Polls keep receding into the future, with analysts talking about hung parliament, reports Asia Sentinel
There is growing speculation in Kuala Lumpur that the country might have to deal with a so-called hung parliament, in which no major party has an absolute majority of seats, following national elections expected to be called before the end of the year.
That would be a drastic comedown from the decades prior to 2008, when the opposition Pakatan Rakyat coalition broke the Barisan Nasional’s two-thirds majority in parliament for the first time since the country’s independence in 1963, and it would open the parliament to chaos.
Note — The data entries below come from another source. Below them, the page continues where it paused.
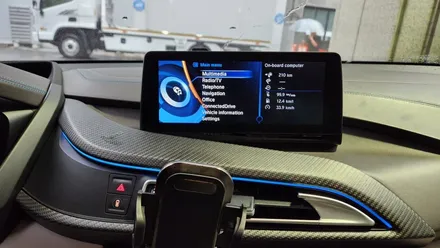 BMW i8 순정 모니터 이용 애플 카플레이 안드로이드 오토 장착 / 인천, 부평, 부천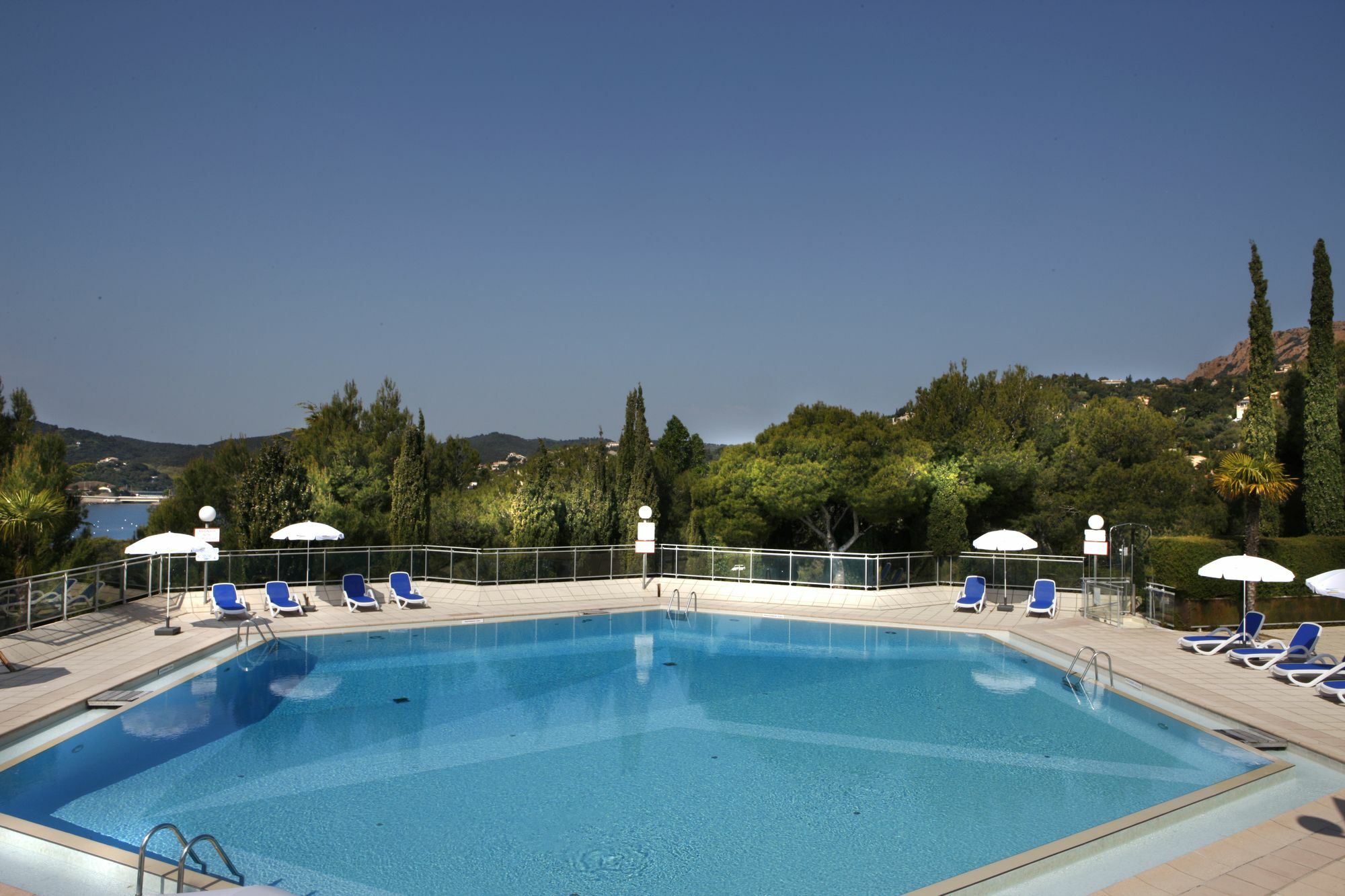 Village Club Les Mas De L'Esterel Saint-Raphaël Buitenkant foto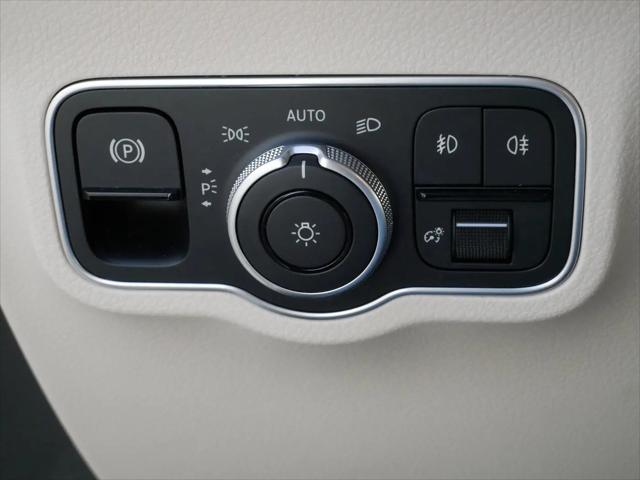 2025 Mercedes-Benz GLB 4MATIC
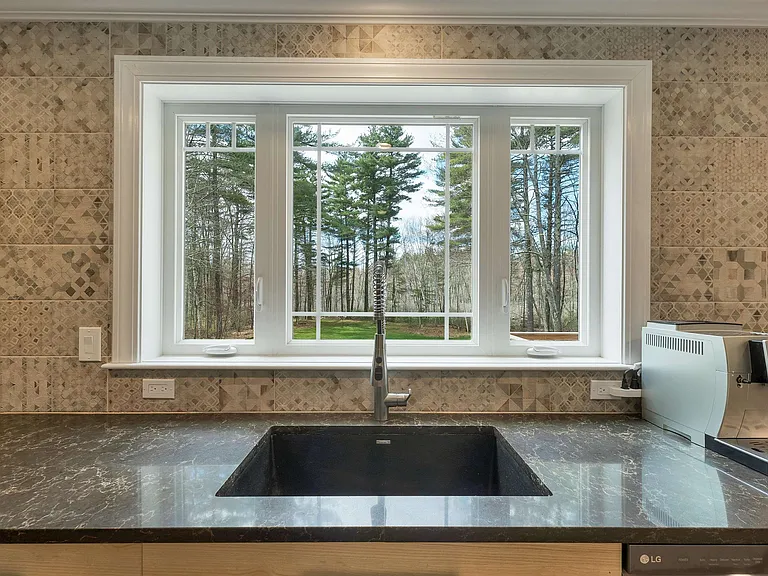 40 Mary Ann Ave — Photo 37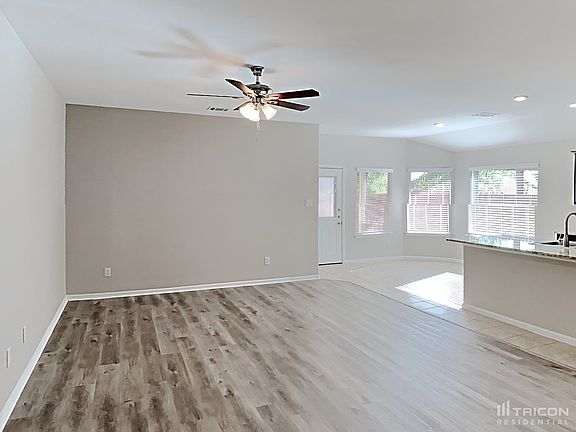 3rd image of 808 Wylie St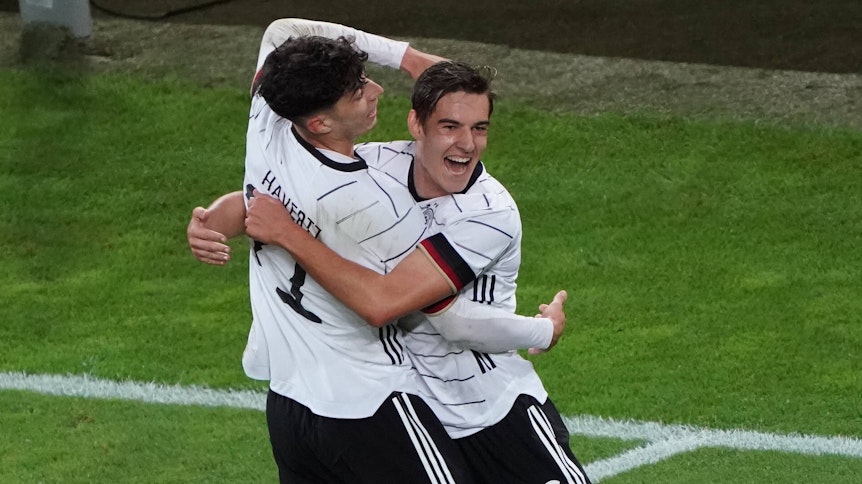 Gladbachs Florian Neuhaus (r.) freut sich gemeinsam mit Chelsea-London-Star Kai Havertz (l.) über sein erstes Tor in der Nationalmannschaft.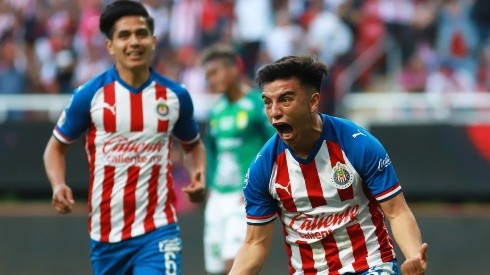 Chivas superó a León por 2-0 y se metió en puestos de Liguilla.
Intensive horse-trading would take place, in which both sides would resort to pouring money to secure the loyalty of the minority parties and lure members away from the other party, reminiscent of what followed the 2008 opposition victory in Perak state, after which Prime Minister Najib Tun Razak induced three opposition lawmakers to change sides and took the state away from the opposition.
Currently the Barisan controls 137 seats, the Pakatan Rakyat 75, and two minor parties, Parti Sosialis Malaysia and the Sabah Progressive Party holding two. There are seven independent members.
When the election will be held remains open to question, with the date continuing to recede since speculation started last year. The polls had been rumored for June, then July. That seems unlikely as Parliament remains in session until the end of this month, although it could be adjourned if the Prime Minister decides to do so.
But Puasa, the Malaysian version of Ramadan, begins July 20 and runs through Aug. 19 and is followed by the hajj, when devout Muslims visit Mecca, and other religious events. Some analysts believe the polls could be in September, although the budget is to be presented to the parliament on Sept. 28 and it is widely believed Najib will hold up the dissolution of parliament until after he announces a budget that would deliver benefits to the electorate. In the 2012 budget, Najib poured out a cornucopia of goodies, including salary increases for the country’s 1.3 million civil servants – mostly ethnic Malays, UMNO”s core constituency as well as a RM500 (US$162) one-off cash benefit for households earning less than RM3000 (US$974) per month – also aimed at poor, rural Malays and Indians, totalling RM1.8 billion (US$583 million).
Nonetheless, “The feedback they get is bad,” said a source with ties to the government in Kuala Lumpur. “Special Branch, Umno, the Information Ministry, military intelligence – all show slim majorities. So they are worried.”